Much of the action was compressed into one day. After barely moving last Monday and Tuesday, the Dow surged more than 300 points on Wednesday, its largest one-day point gain since Nov. 7, just before the election that swept Donald Trump into office. That the big gain followed Trump’s speech to Congress Tuesday night wasn’t lost on many observers, who noted its conciliatory tone. “Trump became presidential,” Strategas Research Partners Dan Clifton wrote in a note to clients last week. The market appeared to agree, even if some of the enthusiasm was tamped down by the need for Attorney General Jeff Sessions to recuse himself over his unacknowledged contact with Russia’s ambassador during the presidential campaign.
But it was more than just a speech that got the market’s juices flowing. Barclays strategist Keith Parker points to the slew of economic data that was released in the hours following the address. A survey of Chinese manufacturing activity rose for the eighth month, while a similar measure in the U.S. hits its highest reading in nearly three years. “You have synchronized developed-market and emerging-market growth,” Parker says. “That’s a big driver of the rally.”
Is sentiment getting too frothy? The big gains have prompted strategists to lift their S&P 500 projections, with Bank of America Merrill Lynch taking its target to 2450, from 2350, and Stifel taking its to 2500, from 2400. And then there’s Snap (ticker: SNAP). Its initial public offering went off without a hitch after all, as the stock soared 44% on its first day of trading, from the offering price of $17 to a closing price of $24.48. The move meant that Snap left $1.5 billion on the table, the fourth largest amount ever, according to data from University of Florida finance professor Jay Ritter.

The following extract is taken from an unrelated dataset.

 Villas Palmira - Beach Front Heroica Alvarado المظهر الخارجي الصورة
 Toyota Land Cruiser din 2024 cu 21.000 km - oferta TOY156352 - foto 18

Yet Snap, at this point, remains something of a one-off, as others remain reluctant to go public. And Merrill Lynch’s Sell Side Indicator, a measure of Wall Street’s bullishness, still sits in neutral territory despite hitting its highest level in 16 months, a level that in the past has preceded an average gain of 17% over the following 12 months.
Yes, the market narrative has many strands. But for now, they’re pointing to a happy ending.